The Karner blue butterfly is listed by the federal government as an endangered species. A viable population of the Karner blue is 3,000, scientists say. In 2004, there were barely 1,000 in the entire Pine Bush, down from 65,000 in 1980, and millions in the 1940s.
The Karner blue eats the blue lupine, a perennial in the pea family. The survival of the Karner blue is directly linked to the lupine. Lupine plants thrive in sunlight and open meadowy fields, and, with more and more area development, lupine land is destroyed.
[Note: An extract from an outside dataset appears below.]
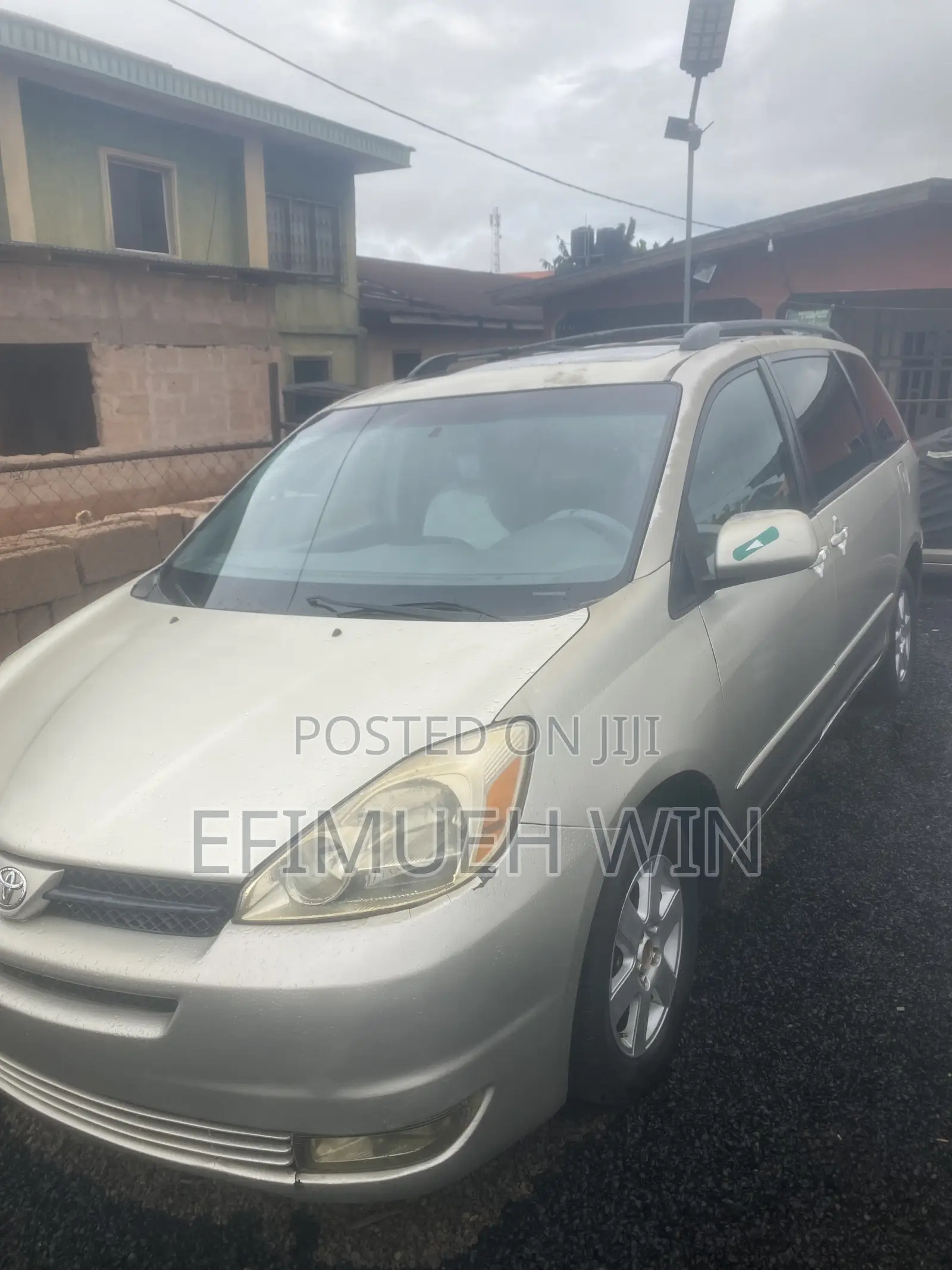 Toyota Sienna XLE AWD (3.3L V6 5A) 2004 Gold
For the past few years, the preserve commission, an inter-municipal agency, has been aggressively working toward conserving the Pine Bush, a rare inland pine barren. With the help of the states Department of Environmental Conservation, the federal Fish and Wildlife Service, and two private not-for-profit organizations the Wilton Wildlife Preservation Park and The Nature Conservancy 200 acres have so far been restored, Hawver said.
"It’s a big partnership between all of us. We all work together on this," he told The Enterprise. "It’s a joint effort that we’ve been working hard on for a long time."
With the latest grant, trees, like the black locust, will be removed from 30 acres of land, he said. The black locust is a non-native, invasive tree that pushes out native plants that the Karner blue needs to survive, he said.
Then, native plants, grasses, and shrubs will be added to the area, Hawver said.
"It’s going to be more like an open prairie, like in the Midwest," Hawver said.
He expects the latest project to happen off of Kings Road, near the border between the towns of Colonie and Guilderland. Work will most likely begin next year, he said.
"Thirty contiguous acres is really significant," Hawver said. "We’re thrilled. Without the help from the grant, in no way would we be able to do what we do."
The work, he said, "is expensive but worthwhile." For example, it costs $4,800 to remove black locusts from one acre, he said.
"It really works," Hawver said. "We can see there are actual changes in the area where there were no butterflies before."